Catena di rilevanza nazionale, da 40 anni sul mercato delle grandi superfici dedicate al settore mobili, complementi d'arredo e prodotti per la casa,  Mercatone Uno (famiglie Cenni e Valentini) ha presentato al Tribunale di Bologna una domanda prenotativa di ammissione alla procedura di concordato preventivo: una scelta imposta dal perdurare della crisi e dal grave calo dei consumi nei beni durevoli con conseguente diminuzione del fatturato e dei margini, questi ultimi soffocati anche dalle spire deflazionistiche e dalle pressioni della price war.



Nuovi investitori
Dispiace leggere questa decisione, anche perché il gruppo imolese ha investito molto nel restyling dei punti di vendita (negli ultimi 24 mesi ne ha rinnovati 26), con operazioni promozionali e di immagini intense e originali (corner Desigual). Ammiistratore delegato del gruppo dal 2013 è Pierluigi Bernasconi, figura ben nota nel settore retail, avendo guidato per un ventennio la tedesca Media World in Italia da lui (o sotto la di lui egida) praticamente sviluppata. Il presidente di Mercatone Uno, Alessandro Servadei, dottore commercialista a Bologna, con pluriennale esperienza in materia concorsuale, che è appunto presidente del cda, curerà anche il piano concordatario.

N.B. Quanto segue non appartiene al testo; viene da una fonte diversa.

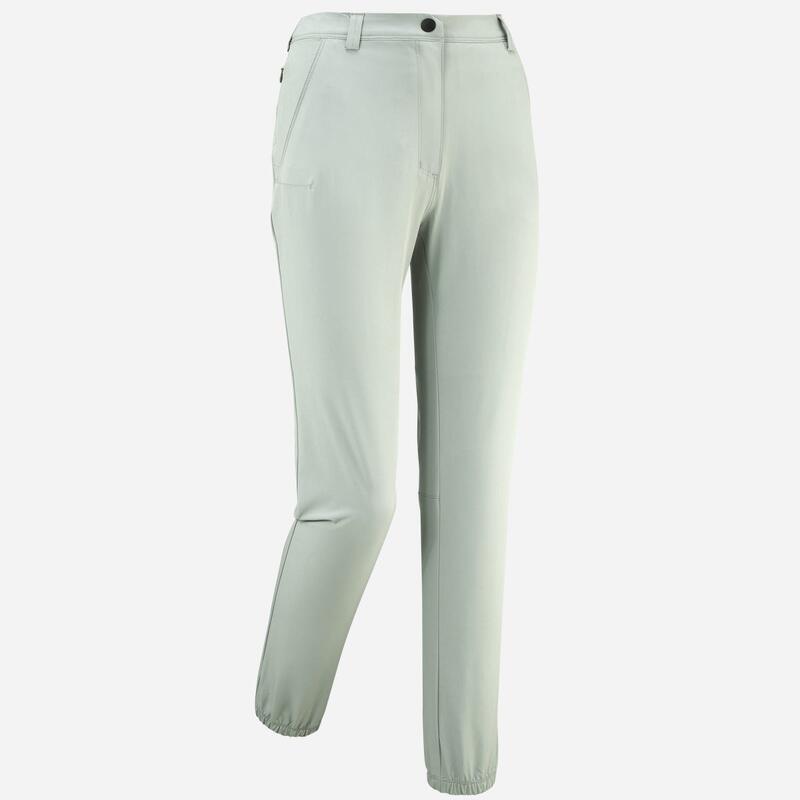 Pantalon Randonnée Femme ACTIVE STRETCH PANT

Non è chiaro se i potenziali investitori con cui Servadei sta trattando siano acquirenti del marchio e dell'azienda o nuovi azionisti pronti a iniettare una dose di liquidità per il rilancio: sono fondi di investimento e realtà industriali italiane ed estere, "sulle quali -aggiunge l'azienda - è necessario mantenere il massimo riserbo".
Si può solo sperare che il nuovo piano industriale elaborato da AlixPartners, leader mondiale in ristrutturazioni aziendali, non comporti grandi sacrifici sul personale e sulla rete: Mercatone Uno ha 3.700 dipendenti e 11 milioni di clienti, e ai suoi 79 punti di vendita si aggiungono i 30 negozi E' Oro.